Warning: This article contains images of dead and burnt bodies.
The burnt bodies of twenty rebel fighters are the only clues as to the ferocity of the battle for Dier Sherobeam, a hilltop Christian monastery a few miles north of Damascus.
We’ve been brought here by the Syrian government, which claims the men were killed in battle and burnt by their fellow Islamists to avoid identification.
It’s impossible to know who burnt them and why. Their charred remains lie a few hundred metres from the summit they died trying to defend.
The high ground is of course of tactical value – but also of huge symbolic importance. This holy place is now a fortress occupied by President Assad’s troops and weapons, including several tanks and field guns.
Some of the pro-government soldiers involved with retaking the hill are from the local Christian community, many of whom characterise the rebels as "Jihadists" or "terrorists" who want to drive them out of Syria.

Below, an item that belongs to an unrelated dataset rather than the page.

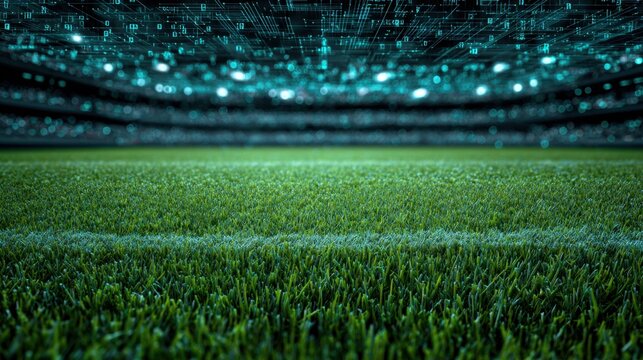 A futuristic soccer field with digital elements, featuring vibrant green grass and a backdrop of glowing binary code.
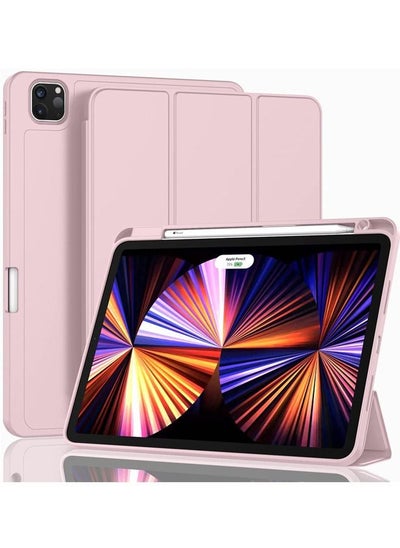 اشتري New iPad Pro 11 Inch Case 2022/2021/2020/2018 Gen with Pencil Holder Smart iPad Case Support Touch ID and Auto Wake/Sleep with Auto 2nd Gen Pencil Charging Pink في السعودية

They speak Aramaic the language of Christ and their church was built in 547 AD.
Aghiad Sheikh is one of the men in the town who has taken up arms to protect his community from what he claims are foreign jihadists nearby. I ask if the rebels will ever come back here.
“No until we are all dead, it’s the only way they will get here. It’s our land, our church - we’ve been here 2,000 years and we are not leaving now”, he says.
Some of their guns are trained on the rebel stronghold of Rankous in the valley below – a Muslim town now eerily quiet.
The silence punctuated by the odd shell - but Syria’s social affairs minister Kinda al-Shammat insists they not targeting the centre of Rankous, because of the civilians who remain, saying it would be against international law.
This from a regime which this week was accused of systematic torture at least 11,000 prison detainees, a regime which is accused of using chemical weapons on its own people and which some say are deliberately following a policy of starving out besieged citizens in rebel held areas.
Near the monastery is the heavily guarded Byzantine church of Our Lady of Sedanya, an exquisite building, which has been damaged by mortar fire.
For hundreds of years this ancient Christian community has lived in total harmony with Muslim in this town, now people in this church say they worried the foreign Jihadi fighters are twisting this conflict between Christianity and Islam.
So far Sedanya’s religious leaders remain on good terms – but with the violence raging around them – can that dialogue continue?